Some highlights of her 2018-19 season included performances with Berklee’s World Strings, Boston Conservatory at Berklee’s Chamber Orchestra and Boston Conservatory’s Faculty Recital Series.
In addition to her classical credentials, Jackson-Tilghman has played behind iconic artists Alicia Keys, Kanye West, J-Cole and Stevie Wonder.
A graduate of the Juilliard School in New York and the Yale School of Music in New Haven, Jackson-Tilghman has been a student of Janos Starker, Aldo Parisot, Joel Krosnick, and Bonnie Hampton. She has taken master classes with world-renowned Brazilian cellist Aldo Parisot, and has studied chamber music with Claude Frank and the Tokyo String Quartet at the Yale School of Music, as well as with the Juilliard String Quartet at the Juilliard School.
In 2002, Jackson-Tilghman was awarded first place in the Senior Laureate Division of the nationally renowned Sphinx Competition, and was the recipient of the 2002 Yale University Aldo Parisot Prize awarded to a “gifted cellist who shows promise for a concert career.” She began piano lessons with her mother at the age of three and cello lessons with her father at the age of eight. At 13, she made her debut with the Belleville Philharmonic Orchestra, performing the Elgar Cello Concerto.
More about David Berry
A native of Syracuse, New York, Berry is a classical pianist whose performances have been featured in venues such as Carnegie Hall, Merkin Hall, the UW World Series at the University of Washington, as well as live broadcasts of WQXR (New York City). Recent concerto engagements have included appearances with the Shenandoah Valley Bach Festival Orchestra and the Hudson Symphony Orchestra.
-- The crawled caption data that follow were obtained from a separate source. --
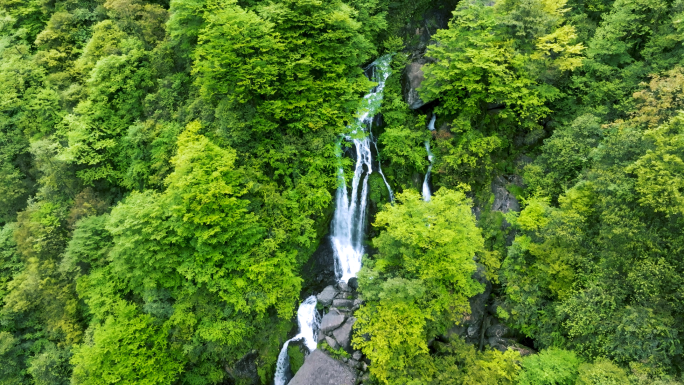 唯美神奇原始森林溪流瀑布翠绿山水航拍素材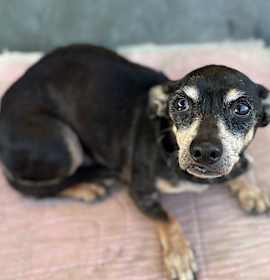 Photo of BUBBA (shy senior)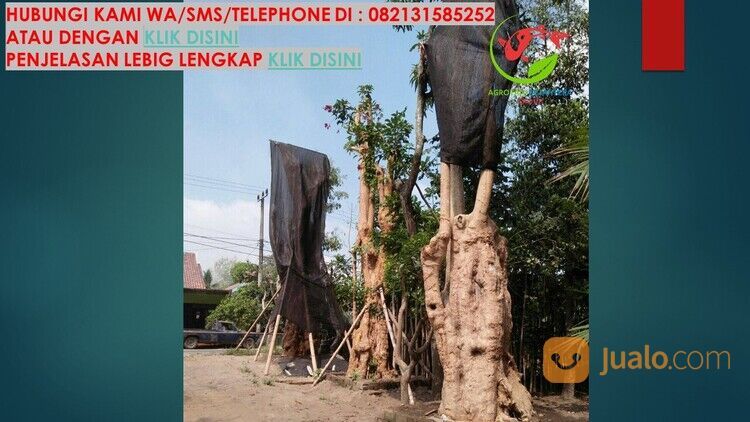 Pohon Pule Kabupaten Magelang Unggul 081272952618 Bergaransi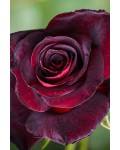 Роза чайно-гибридная Блэк Баккара (темно-красная) | Троянда чайно-гібридна Блек Баккара (темно-червона) | Hybrid tea rose Black Baccara (dark red)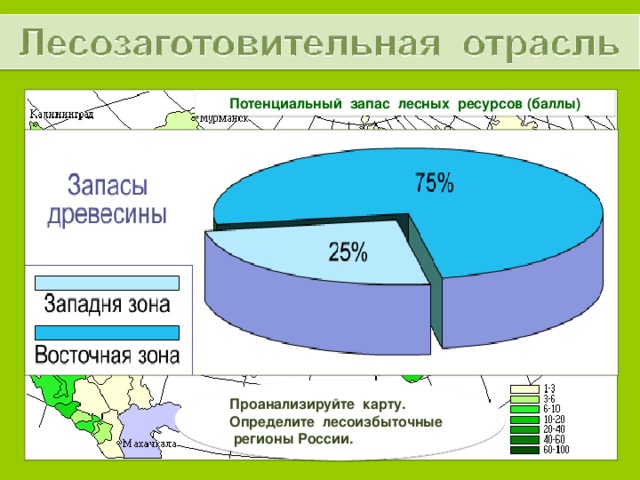 Потенциальный запас лесных ресурсов (баллы) Проанализируйте карту. Определите лесоизбыточные регионы России. 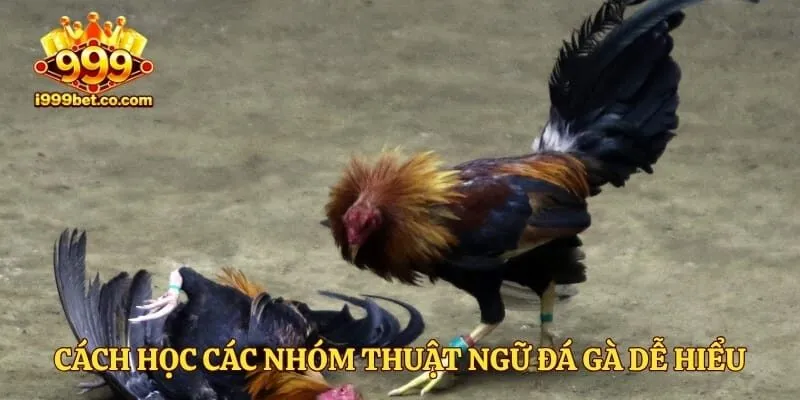 Cách học các nhóm thuật ngữ đá gà dễ hiểu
He has worked with or premiered works by a number of noted composers, including James Lee III, Jeffery Scott (Imani Winds) and grammy-award winning composer Jennifer Higdon. Berry was a featured soloist in the Juilliard School’s Focus Festival, All About Elliott, celebrating the 100th birthday of Elliott Carter, and also featured in piano series hosted by author David Dubal at the Kosciusko Foundation and the Cervantes Institute.
Berry was the Grand Prize Winner of the Bradshaw and Buono International Piano Competition, as well as a prizewinner in the Thousand Islands International Piano Competition.
An avid chamber musician, he has collaborated with members of many of the nation’s leading orchestras, including the New Jersey, Houston, St. Louis, Dallas, and Seattle symphonies. He has toured and regularly concertized as a resident member of the Jacksonville, Florida based Ritz Chamber Players, The Harlem Chamber Players, and the innovative chamber music theater group, the Core Ensemble. As an arts administrator, David serves as Chair of Chamber Music Programs for the Gateways Music Festival at the Eastman School of Music, a biennial festival which celebrates the contributions of musicians of African descent to classical music, and features over 120 players from major American orchestras and university faculties across the United States. He is also currently the president of the Harrisonburg Music Teachers Association.
Berry received his Bachelor of Music with High Distinction from the Eastman School of Music, and Masters and Doctor of Musical Arts degrees in piano performance from the Juilliard School where he was a recipient of the C.V. Starr Doctoral Fellowship and Susan W. Rose Piano Scholarship. His piano teachers have included Martin Canin, Douglas Humpherys, and George Skafidas, with collaborative piano coachings under Russell Miller and chamber music studies under Seymour Lipkin, Jacob Lateiner and Jonathan Feldman.